Thank you for sharing your journey, ​@Maine. It takes a lot of commitment to keep overcoming the challenges you've faced so far. You've already built a solid foundation with your listings, outreach, and D4D efforts, which shows how dedicated you are to building this business.

Some of our most experienced wholesalers here - like ​@Cory Boatright ​@Peter Osmanski ​@Zoerene ​@Dispomoneymike - may have faced similar obstacles in the beginning. If they could share how they systematized their processes and broke through the “first deal” barrier, it would be incredibly valuable!


  1. Focus on One Lead Source

Right now, you’re juggling D4D, government lists, cold calling, skip tracing, CRM issues, and even VAs. That’s way too many moving parts. Pick one main channel, like driving for dollars plus skip tracing and master that before you branch out. Instead of chasing 300 leads, narrow it down to the best 30–50 prospects and follow up with them consistently.

 

  1. Improve Negotiations and Seller Conversations

I know deals have fallen apart because of contracts and communication. The key is building rapport first. Sellers care about trust more than price. Keep your contracts simple (2–3 pages) instead of overwhelming. And when you talk to sellers, ask more questions like, “What’s your biggest challenge with this property?” then frame your solution around that.

 

  1. Your CRM can’t be a pile of notebooks and half-broken spreadsheets. That’s a recipe for lost deals. Even a free system like Podio, Airtable, or Trello is way better. Create a simple pipeline: New Lead → Contacted → Negotiating → Contract Sent → Closed/Lost. Then follow up, follow up, follow up. Most deals close in the follow-up stage, not the first call.

 

  1. Build Real Buyer Relationships

If most of your buyers are “tire kickers,” that means you don’t truly know what they want. Instead of blasting them deals, call each one and ask directly:

  • What areas do you buy in?
  • What price range?
  • Flip or rental?
  • How fast can you close?

Once you know their exact buy box, you’ll stop wasting time on deals that nobody actually wants.

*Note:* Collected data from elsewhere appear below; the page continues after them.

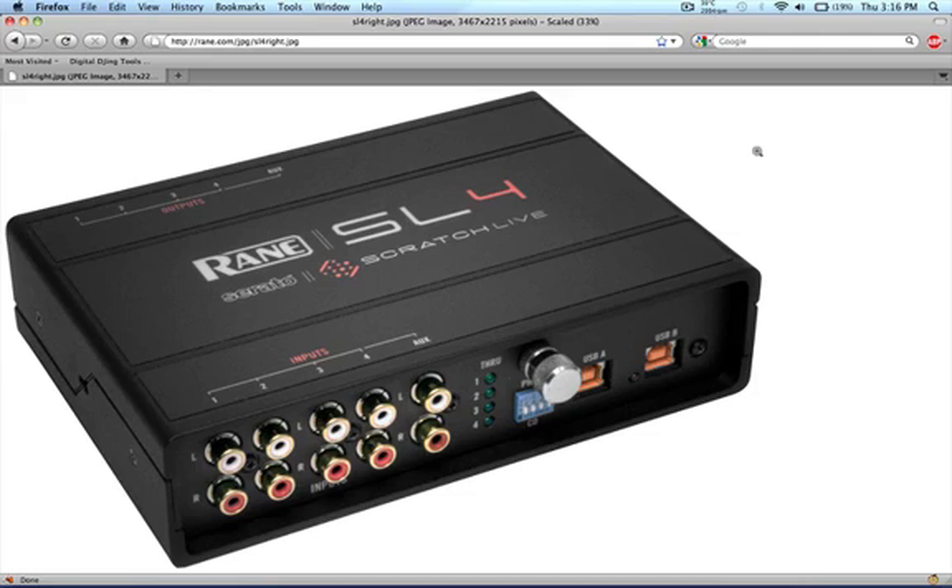The SL4 is a 10 input and output sound card device, but more importantly you may note the dual USBs on the box. What this means is it has two sound cards in it, and more importantly, this is going to facilitate an easier transitioning and switching out between DJs.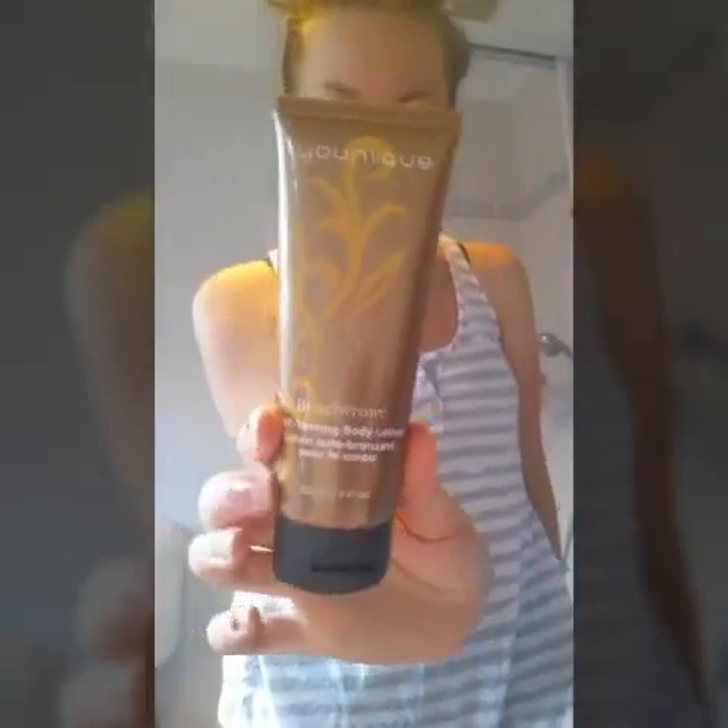Hi! Coming to you from my bathroom today because I'm going to be trying the new self-tanning body lotion. It's autumn now in Australia so the sun's still out because it's Australia, but now it's getting into cooler weather so we're not wearing short sleeve stuff, we're not getting a tan. So this stuff is awesome to keep up a nice tan, so I'm going to try it out on my legs today.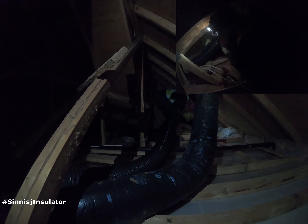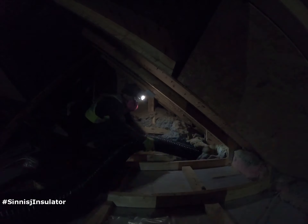Here I am emptying one of the cathedral ceilings. There are about three of them in this attic.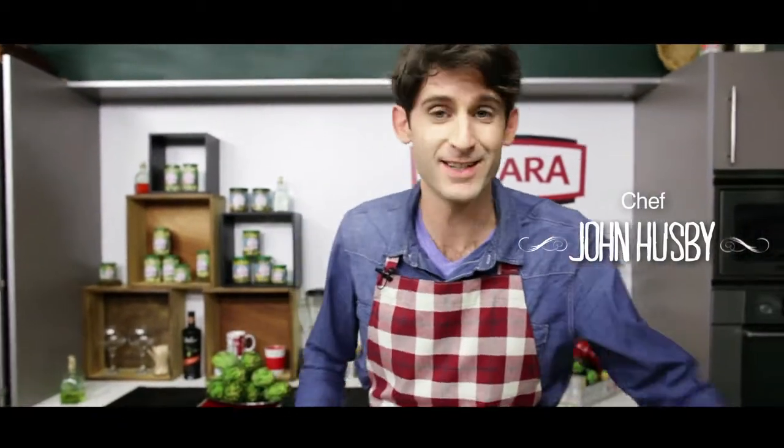Hello. Hi. Are you looking for a unique dish for a special dinner party? Cenara's got the answer.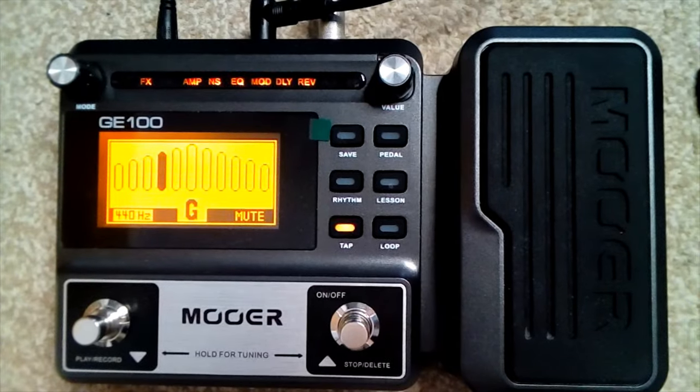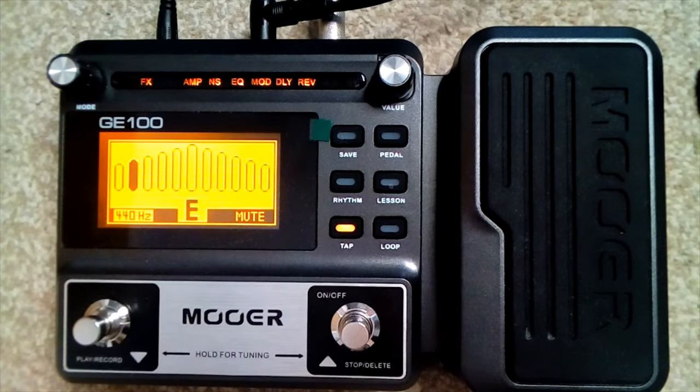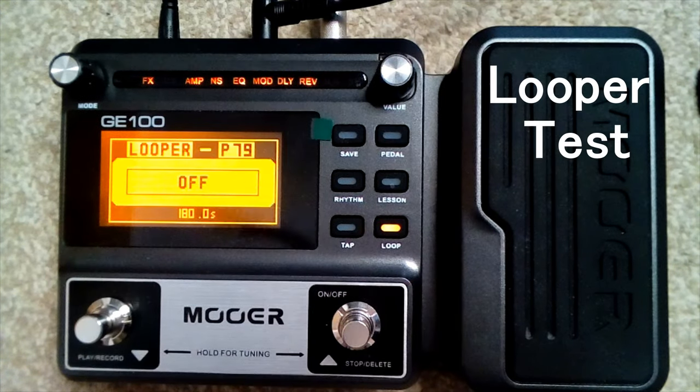You've got a built-in tuner — you just plug in, hit these two buttons simultaneously, and then you can tune up. Tuning the low E, then A, D, G, B, and high E. Okay, so that works. Let's try a chord progression — a bit of a bluesy kind of thing.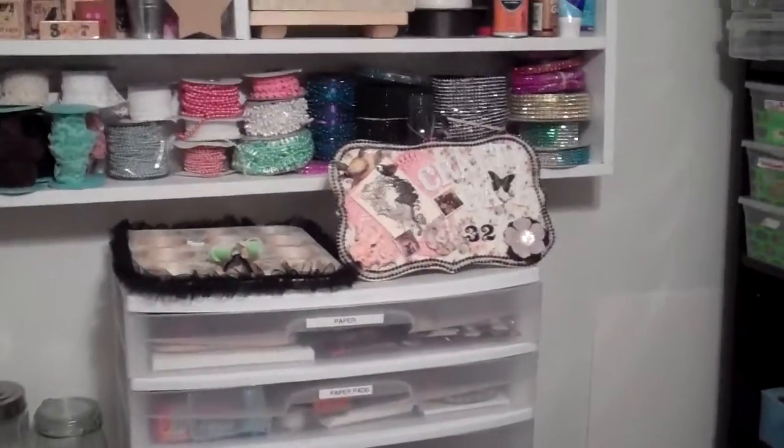And all of this is just a bunch of stickers and embellishments. So yes, this is my crafting area. Thank you all for watching, and I hope you all enjoy.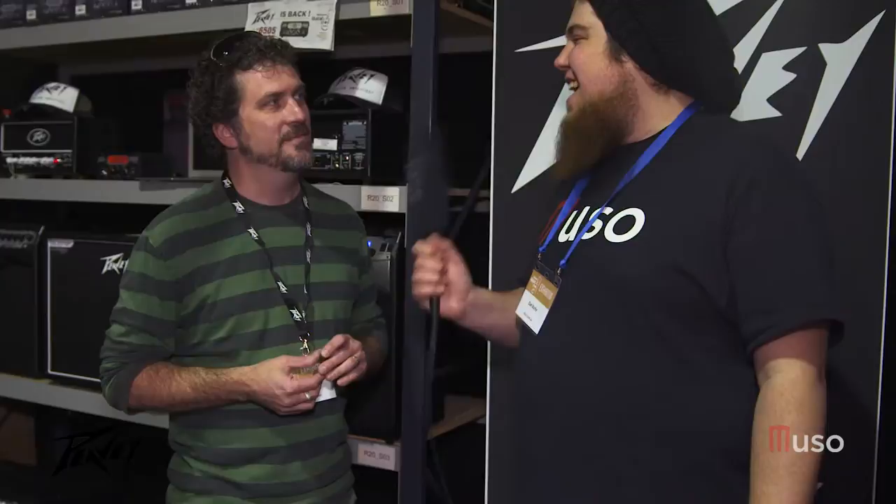All of these great products are available at galacticmusic.com.au. I also want to give a shout out to Peavey who are going to support us with a giveaway — we're going to give away a Piranha head. So check out muso.com.au for all the details on how you can enter that competition. Thank you so much for your time, Michael, really appreciate it. Absolutely. I've been loving it here in Australia. Well, cheers, thanks for coming along.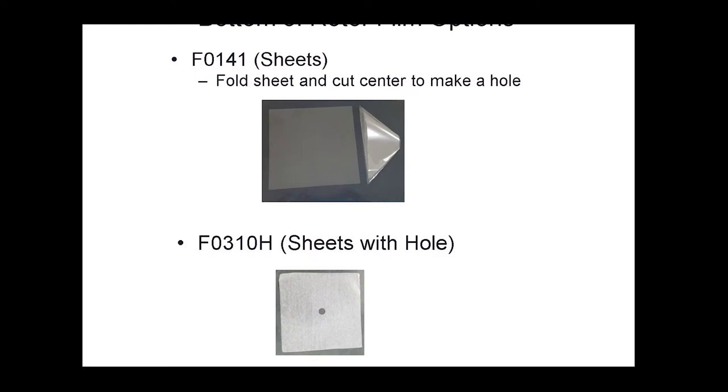The film used for a single sheet is the F0141, which comes in pre-cut sheets and is placed on top of the sample before closing the dies to simplify sample removal. For two sheets — one on top, one on the bottom — the bottom sheet must have a hole for the shaft. One option is to fold the F0141 sheet and cut the corner to create a center hole. An alternative is the F0310H film, which already comes with a pre-cut hole in the center.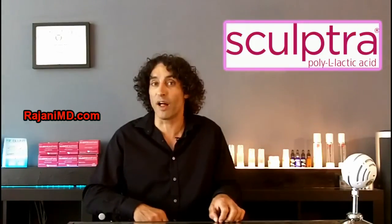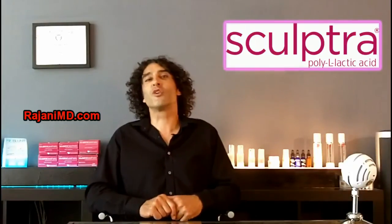So that's Sculptra. You can go to my other videos to watch it being injected. It's definitely different than most other products and much different to inject as well. Most people who inject Sculptra are more experienced with the product — it's a bit of an art. If you have any further questions, go to the Facebook page or join the YouTube channel for continued helpful tips. Keep your skin and body beautiful, healthy, and vibrant.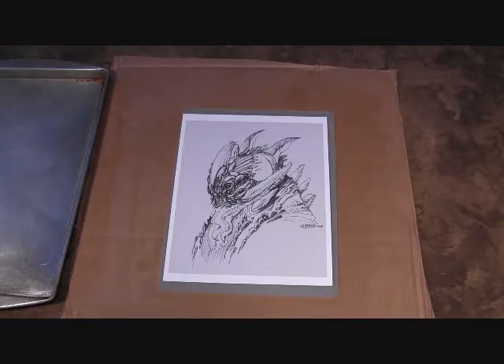Hi, this is Tom Baxa from Baxa Art Academy and BaxaArt.com and today I'm going to do a little demo on how to mount a sketch and get it ready for painting. This can be a little tricky at first — you have to work quickly and get a feel for how wet the paper and the matte medium need to be, but once you do it a couple times you get the hang of it.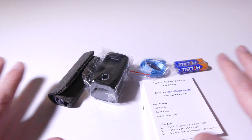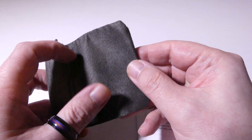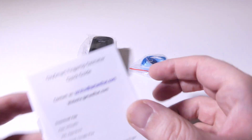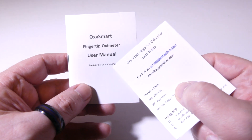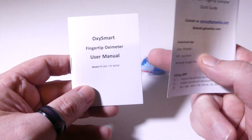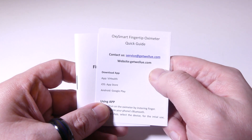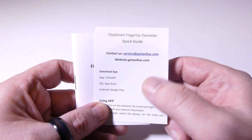Here's a quick look at everything that comes in the box. You have a carrying case or a little pouch for storing this away when you're not using it, or if you're traveling you can put it in there. They give you a user manual for the OxySmart, written all in English. I have the PC-60FW — that one includes Bluetooth. The 60F does not include Bluetooth, so just be aware of that. You can check out WellU at getwellu.com — I'll have their link in the description below.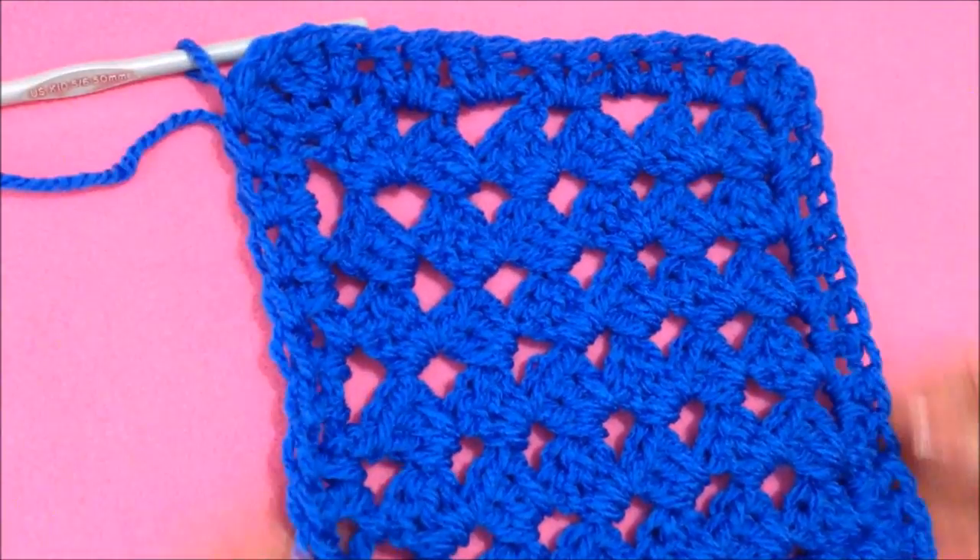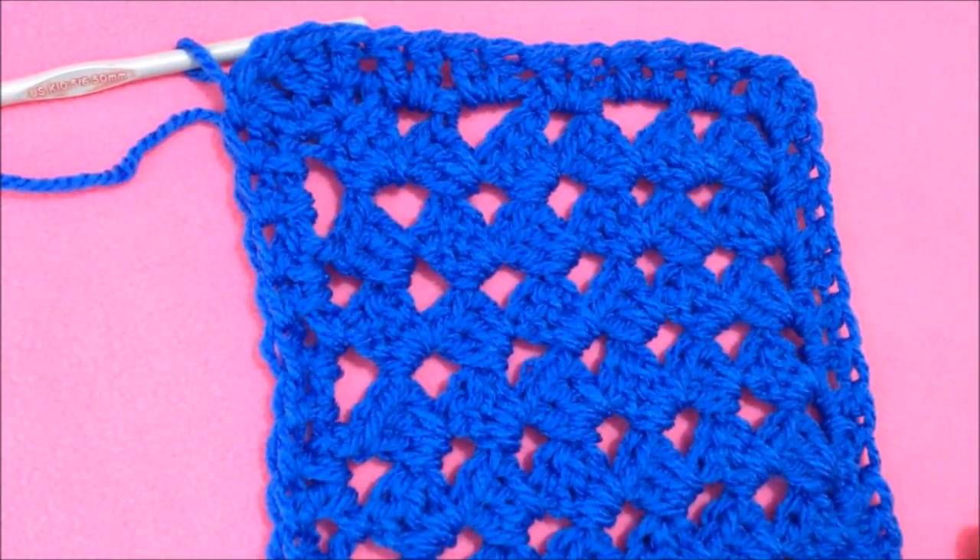And there you go — there's your finished corner-to-corner granny square. I hope you enjoyed this video. Thanks for watching. Bye for now.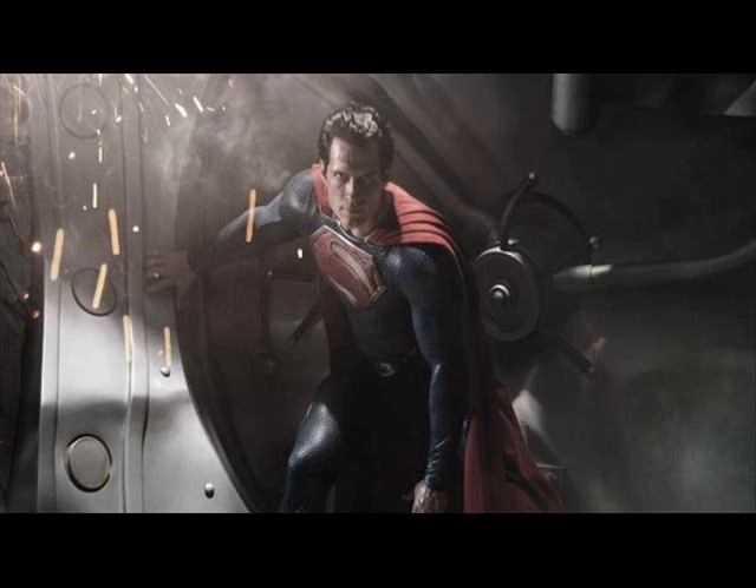Today the first image, the first look at what Henry Cavill is going to look like in the Zack Snyder film came out. I can't really see the texture of the suit too up close. People are saying it looks something like what we first saw with Spider-Man's new suit, but I'm not too sure about that. I'd probably have to look at it a little more.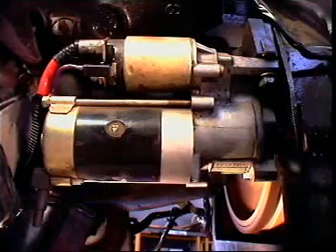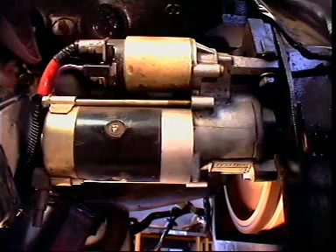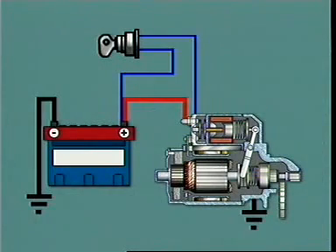Starting is usually accomplished by the operator activating a starter switch as part of ignition key operation. This allows a relatively small current to flow to a starter solenoid relay and operator plunger attached to a drive pinion engagement lever.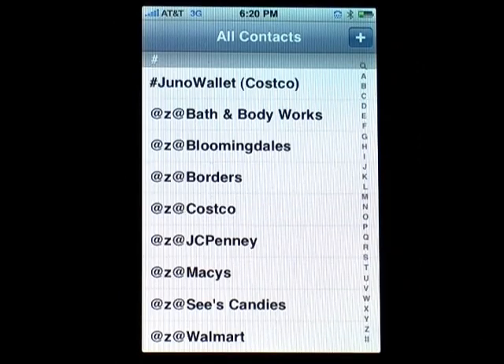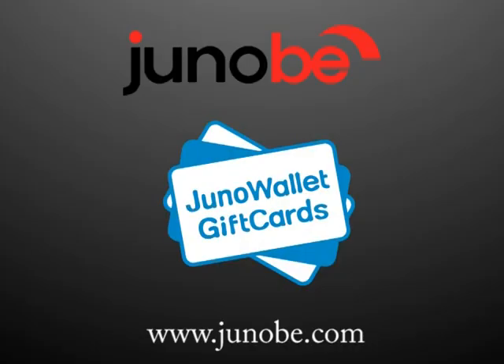This feature is only available on the iPhone. Juno Wallet Gift Cards is available for download from the iPhone App Store. Thanks for joining this demonstration of Juno Wallet Gift Cards from Genobi. Stay tuned to the Genobi channel for new announcements and applications. Thank you.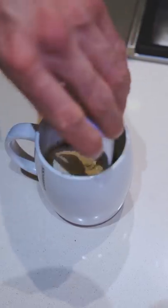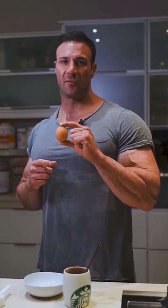Lightly grease your mug and then add the dry ingredients. Mix the egg and the milk till slightly frothy.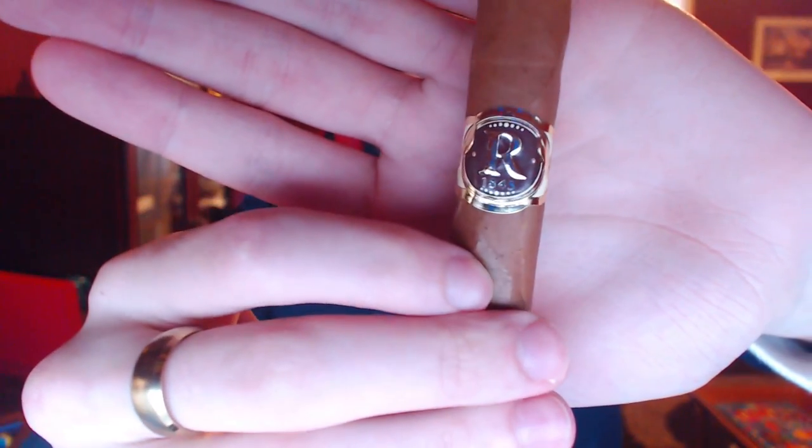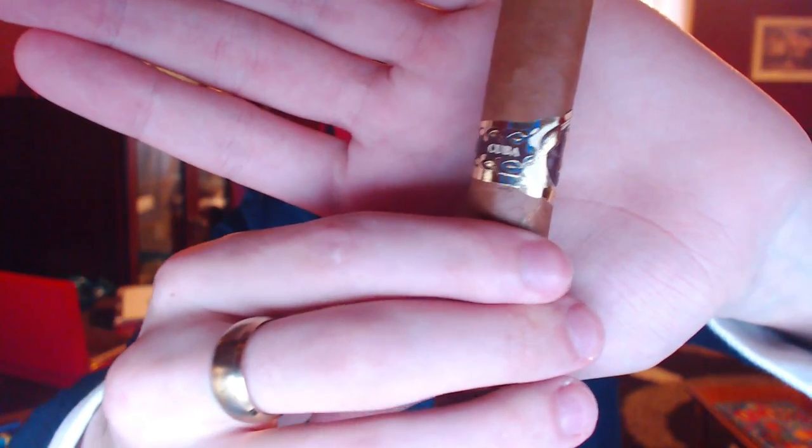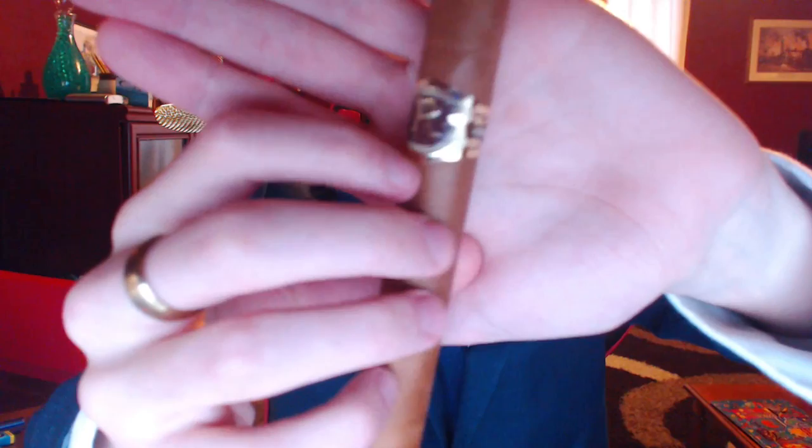This is an absolute mammoth of a cigar, it is pretty excessive on the size. I'm not sure how well the band is going to focus because it is quite shiny and that tends to throw off the autofocus a little bit. As you can see, it's pretty simple but quite nicely embossed shiny gold — a simple but effective band. I tend to like that about cigars.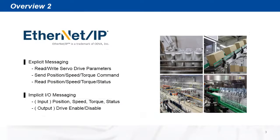When optioned with the Ethernet IP interface, the DYN5 servo drive can be operated as a server device for explicit messages or adapter for implicit I/O messages. Using explicit messaging, the client has full access to the servo drive parameters as well as sending and reading position, speed, and torque data from the servo drive.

  1. Free skip tracing is killing your numbers — that’s why half the calls go nowhere. Invest in a paid skip tracing service. The data quality alone will save you hours.
  1. I get why you’re looking at VAs, but it’s too early. Don’t outsource chaos. Nail your process first, document it, then hand it off.

 

 

 


Hello ​@Maine,

 

You’ve done more than most before their first deal - D4D, 300+ leads, gov lists, 100+ cold calls, and you're still standing? That’s real.

 

Here’s a quick roadmap to get you unstuck and paid:

 

1. Organize Your Leads

Build a clean Google Sheet CRM with:

  • Name, Address, Motivation, Status, Notes, Last Contact

  • Use color codes + set follow-up reminders

 

2. Upgrade Your Data
Invest in a batch skip tracing tool and a basic dialer - even $50/month will 10x your connection rate.

You can also use God Mode to skip trace buyers in the area you market your deals.

 

3. Focus Your Efforts

Stop going wide. Pick one niche (e.g. code violations in Waukegan), and go deep with consistent follow-up.

 

4. Build a Real Buyers List

Use Investorlift’s God Mode to find active buyers in your zip codes.
Call and qualify them: get buy box, cash on hand, and timeline.

 

5. Simplify Your Offers

Keep contracts simple. Don’t let attorneys kill deals.
Line up buyers before making offers to keep control and confidence.

 

You’re closer than you think. The first deal is always the hardest - but it’ll change your life. Keep pushing; you got this. 🔥


Hey ​@Maine the advice above is spot on, excellent suggestions. All I can really add is don’t be discouraged by the ones that had obstacles you can’t control. We spoke about that one with the attorney, and even if you had done 100 deals at this point that one was challenging due to unreasonable demands. Truth is if you had the experience of 100 deals you would have walked on that one sooner. We can’t force deals, and the numbers on that one just wouldn’t work for most.

Also, evaluate the target market, like suggested above use God mode and pick those nearby cities with a lot of buyer activity. You have the drive, most aren’t willing to take the action you have!


Man, I can tell you’ve been grinding hard — 300 distressed properties, cold calls, government lists, buyers… that’s not wasted effort, you’ve already laid a lot of groundwork.

Here’s what I’d focus on to get unstuck:

  1. Get organized. Pick one simple CRM (even Google Sheets) and move all your leads there. No more notebooks.

  2. Talk motivation first, numbers second. Low offers sting less when sellers feel heard.

  3. Grow your buyers list. Ten buyers isn’t enough. Aim for 50+ by calling recent cash buyers, REIAs, and FB groups.

  4. Prioritize hot lists. Tax delinquent + code violations = most motivated sellers.

  5. Don’t overcomplicate with VAs yet. Nail down your own process first, then bring others in.

Most importantly: don’t stop. You’re one good follow-up away from your first deal. The hustle is already there — just tighten up the system and keep moving.